Czytał pan poselski projekt ustawy o ustroju miasta stołecznego Warszawy?
Stefan Płażek: Tak. To już trzecia ustawa warszawska, która powiela wady wszystkich poprzedniczek, również ustaw gminnej i powiatowej. Zresztą większość przeszczepów tego Frankensteina pochodzi właśnie z dwóch samorządowych ustaw ustrojowych. Nie jest to jednak przeszczep kompletny. W konsekwencji, wobec braku przepisu nakazującego stosowanie w sprawach nieuregulowanych przepisów ustawy o samorządzie gminnym czy ustawy o samorządzie powiatowym przynajmniej odpowiednio, mamy do czynienia z regulacją pełną luk, których nie ma jak wypełnić.

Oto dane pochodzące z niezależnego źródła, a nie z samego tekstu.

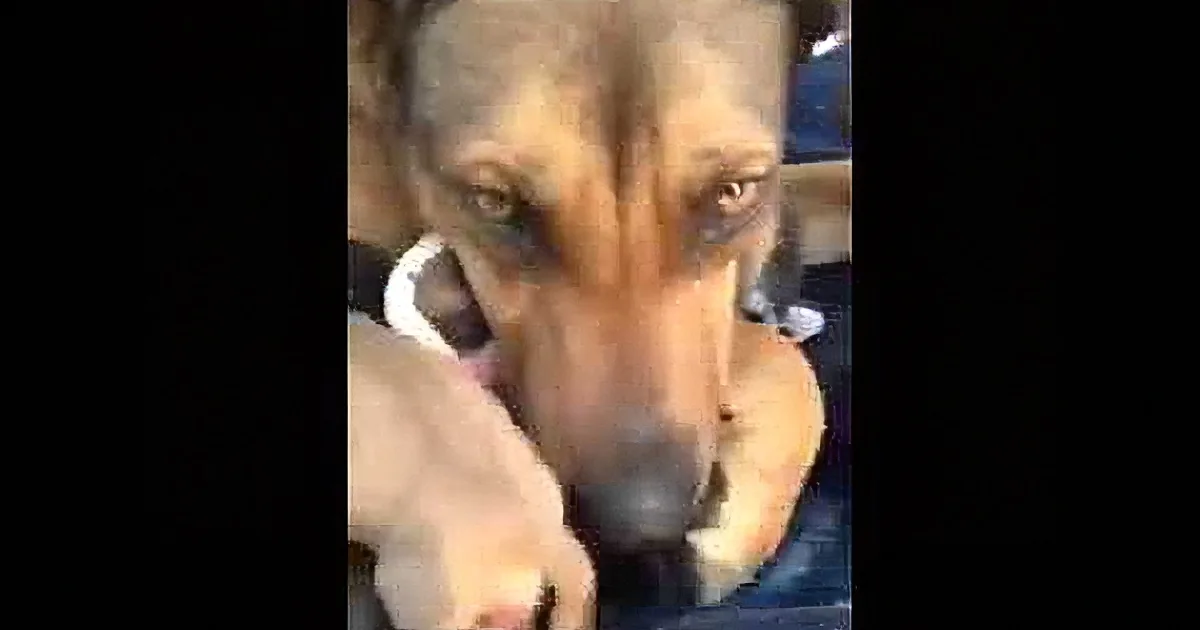 What This Mother Does When She Is Reunited With Her Lost Puppies Made My Heart Sink. OMG!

Jak pan ocenia pomysł PiS na Warszawę?
Projekt tworzy gigantycznego molocha, który spowoduje, że w Warszawie powstaną już nie dwa, ale trzy samorządowe poziomy kompetencyjne (dzielnica warszawska – gmina Warszawa – miasto stołeczne Warszawa). Po co? Nie wiem.
Gdy nie wiadomo, o co chodzi, to wiadomo, że chodzi o sukces polityczny w nadchodzących wyborach samorządowych.